Your copy should match the entries exactly, except that it holds no pictures.

== WORKING DATA

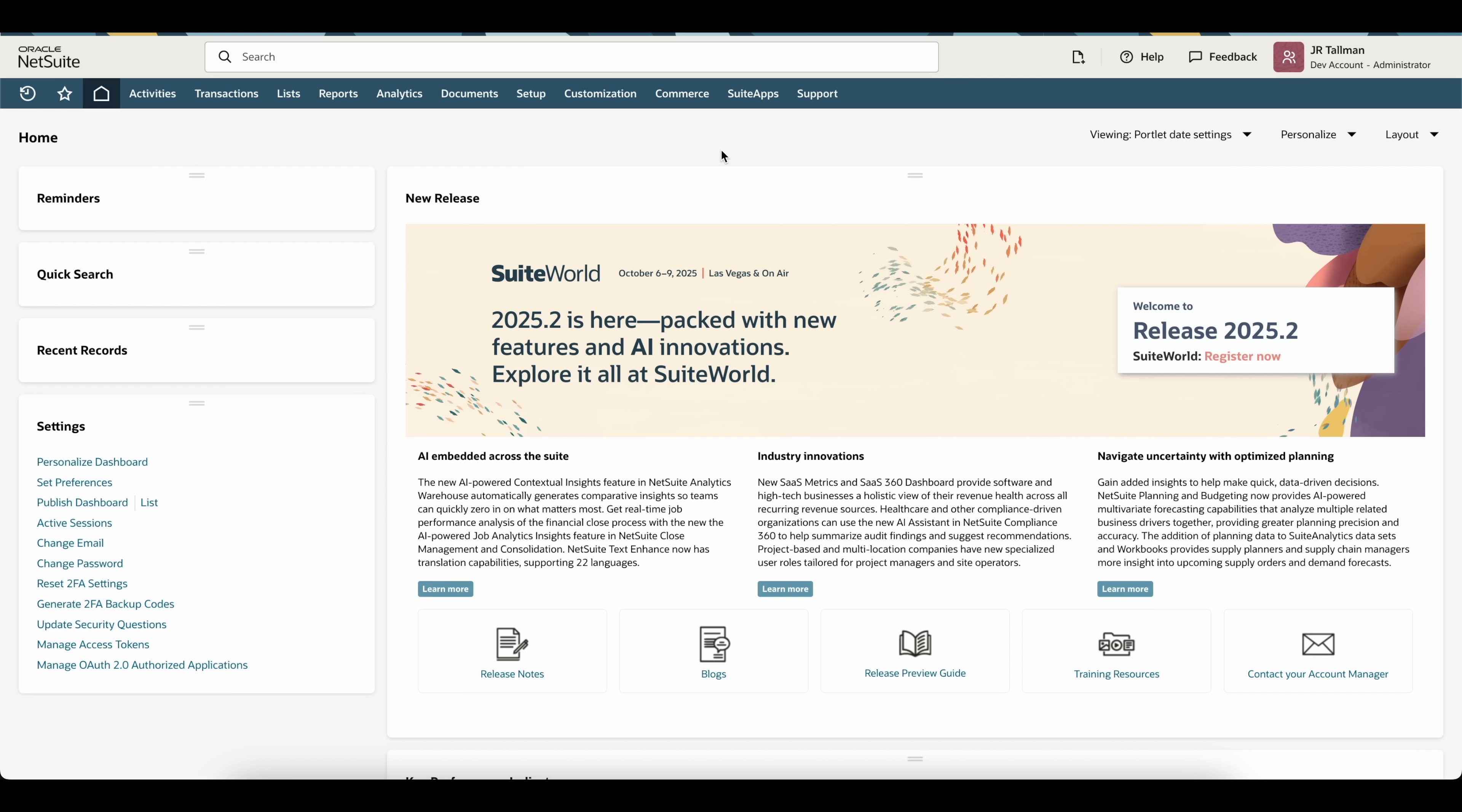To show you how this works, I'm currently logged in to my development account as an administrator, as you can see in the top right-hand corner of the page. I'm currently using Firefox. What I'm going to do next is log in to the same account using Chrome, and NetSuite will allow me to access both my current Firefox session as well as my new Chrome session.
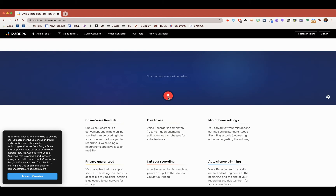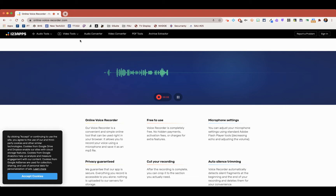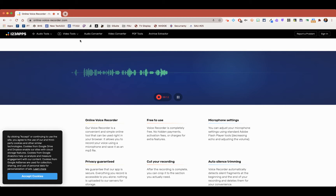Once I do that, you'll see that there's the record icon right here. You may have to allow your microphone for the first time going to 123Apps, but right away it'll start up, and you'll notice that it is picking up my voice, and I'm able to say whatever I need to say to grab the particular recording that I want.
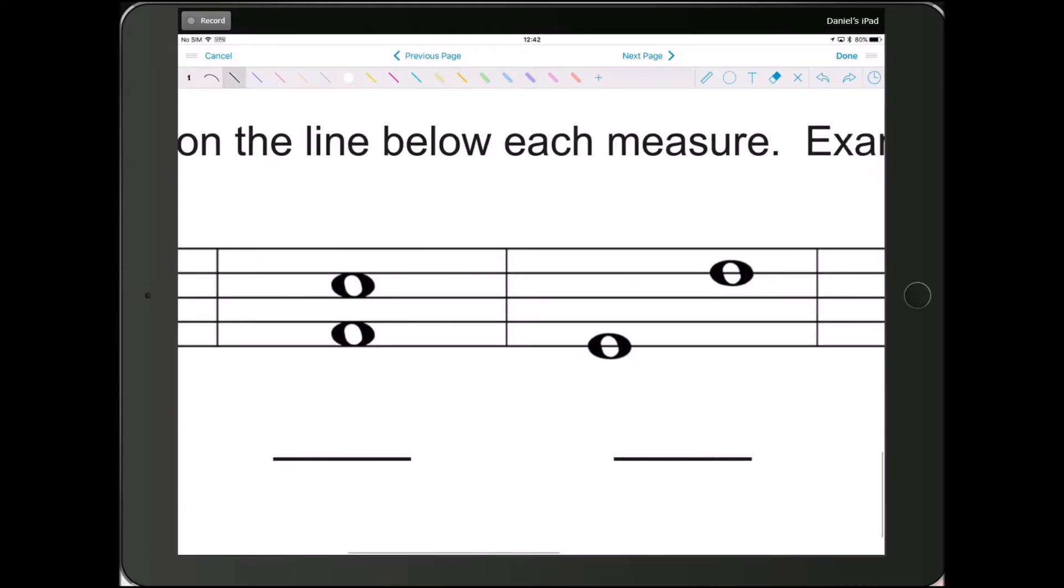For this one, 1, 2, 3, 4, 5. Not very hard.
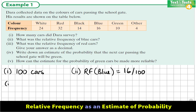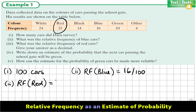Next, we are asked for the relative frequency of the red cars. There were 32 red cars, so the relative frequency is 32 out of 100, or 32%. We are asked to express it as a decimal, so it is 0.32.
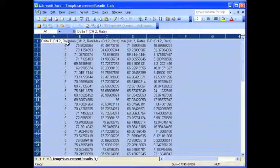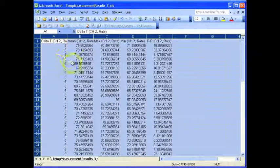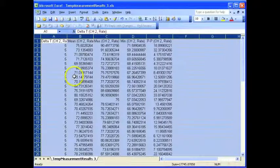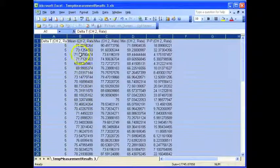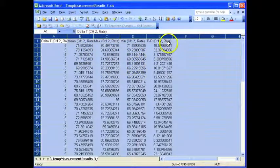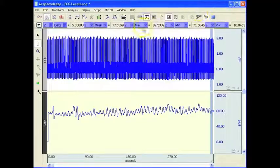If I open this up, we can see column 1: we've got the time period of 5 seconds, the mean value for that 5-second period, the maximum, the minimum, and the peak-to-peak values.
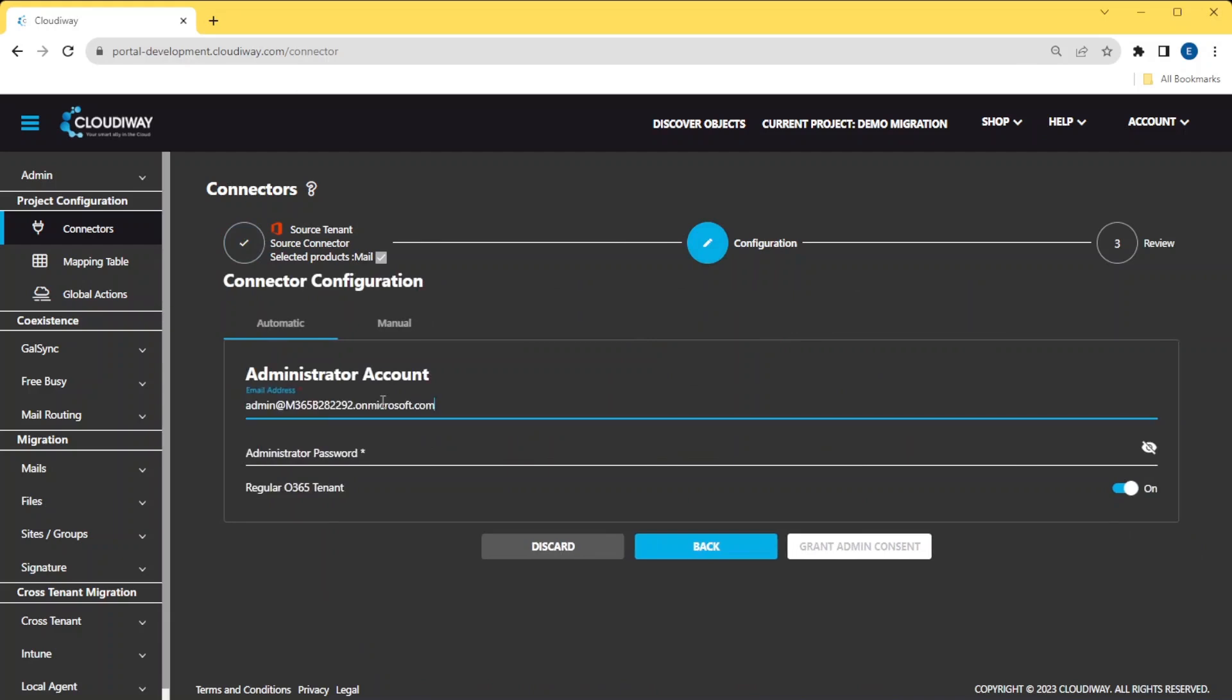In this screen, enter a migration account and password. It doesn't have to be admin of the tenant. This is the account that will be used to access resources such as shared mailboxes, rooms and equipment, and so on.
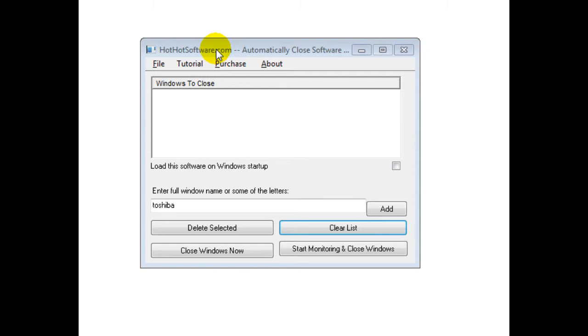There's a whole bunch of different applications for this. Even if, let's say, you have a workroom and you just want to close a bunch of different windows with a click of a button, then again, this software will allow you to do that.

====

WRITTEN ANSWER:
To show you how this works, I'm currently logged in to my development account as an administrator, as you can see in the top right-hand corner of the page. I'm currently using Firefox. What I'm going to do next is log in to the same account using Chrome, and NetSuite will allow me to access both my current Firefox session as well as my new Chrome session.
Once I do that, you'll see that there's the record icon right here. You may have to allow your microphone for the first time going to 123Apps, but right away it'll start up, and you'll notice that it is picking up my voice, and I'm able to say whatever I need to say to grab the particular recording that I want.
For this one, 1, 2, 3, 4, 5. Not very hard.
Next, we are asked for the relative frequency of the red cars. There were 32 red cars, so the relative frequency is 32 out of 100, or 32%. We are asked to express it as a decimal, so it is 0.32.
If I open this up, we can see column 1: we've got the time period of 5 seconds, the mean value for that 5-second period, the maximum, the minimum, and the peak-to-peak values.
In this screen, enter a migration account and password. It doesn't have to be admin of the tenant. This is the account that will be used to access resources such as shared mailboxes, rooms and equipment, and so on.
There's a whole bunch of different applications for this. Even if, let's say, you have a workroom and you just want to close a bunch of different windows with a click of a button, then again, this software will allow you to do that.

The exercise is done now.